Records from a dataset
----

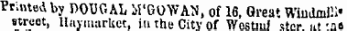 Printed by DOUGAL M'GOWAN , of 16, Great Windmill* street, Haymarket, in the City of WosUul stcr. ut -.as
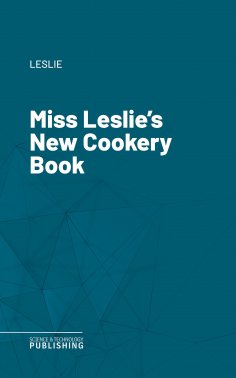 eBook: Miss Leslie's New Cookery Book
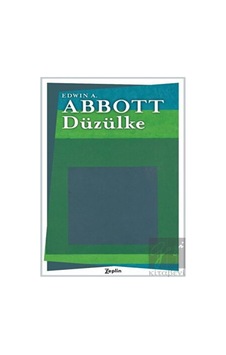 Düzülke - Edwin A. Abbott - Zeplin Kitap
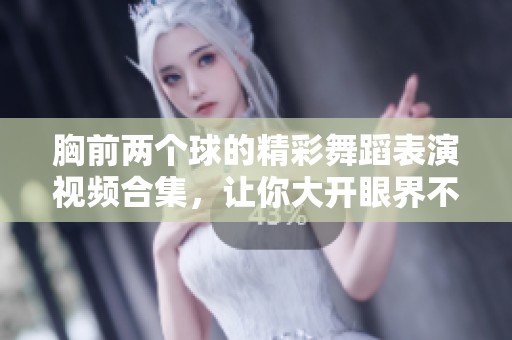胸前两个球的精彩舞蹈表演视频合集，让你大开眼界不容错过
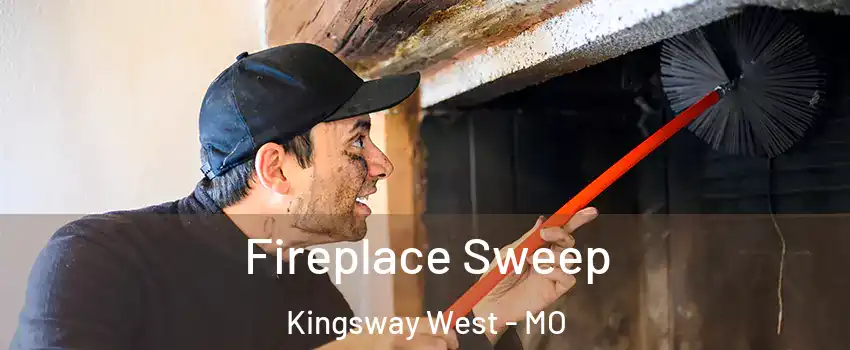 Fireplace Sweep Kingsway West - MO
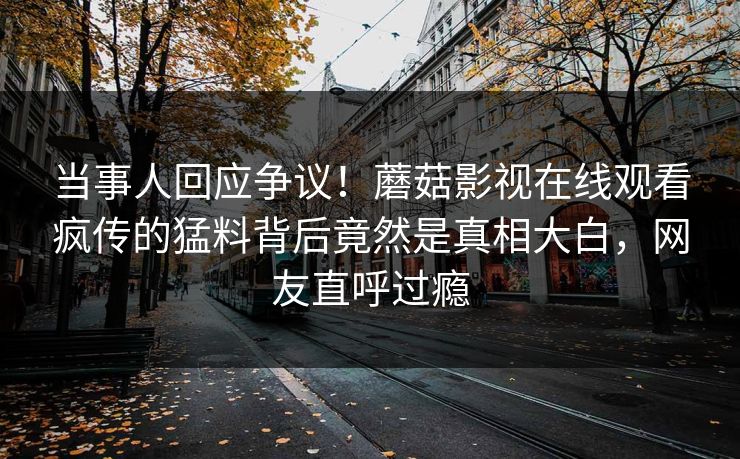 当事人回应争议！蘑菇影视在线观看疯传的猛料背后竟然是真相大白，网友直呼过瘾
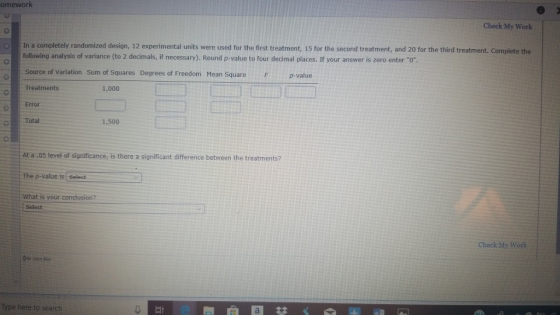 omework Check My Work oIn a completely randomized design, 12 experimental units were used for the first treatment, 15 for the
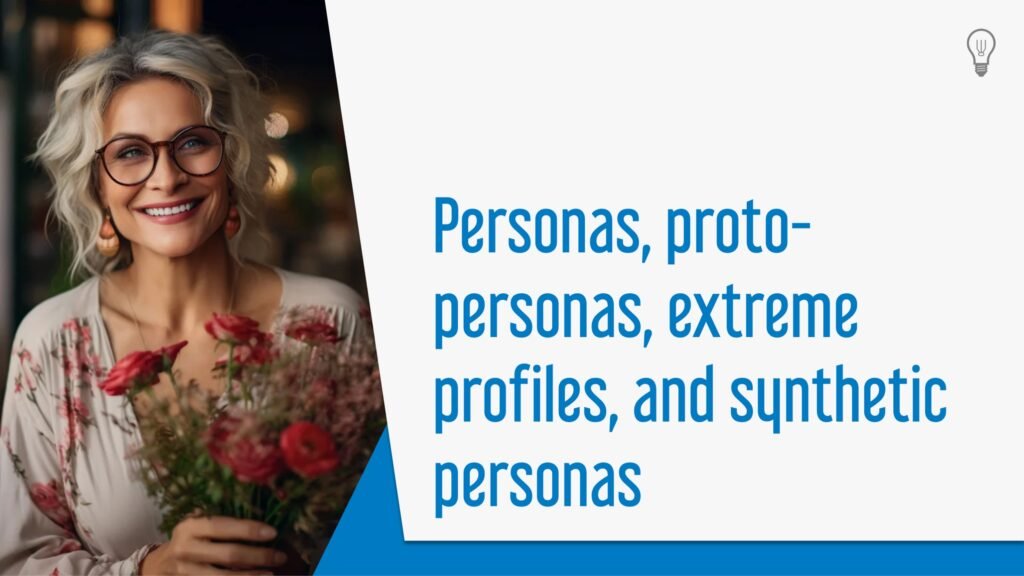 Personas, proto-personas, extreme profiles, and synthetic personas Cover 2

----

* What the task asks
From the line containing "omework Check My" through the last line of the data above, write out every line word for word, and nothing else. Do not include the pictures.

* Answer section
 omework Check My Work oIn a completely randomized design, 12 experimental units were used for the first treatment, 15 for the
 Personas, proto-personas, extreme profiles, and synthetic personas Cover 2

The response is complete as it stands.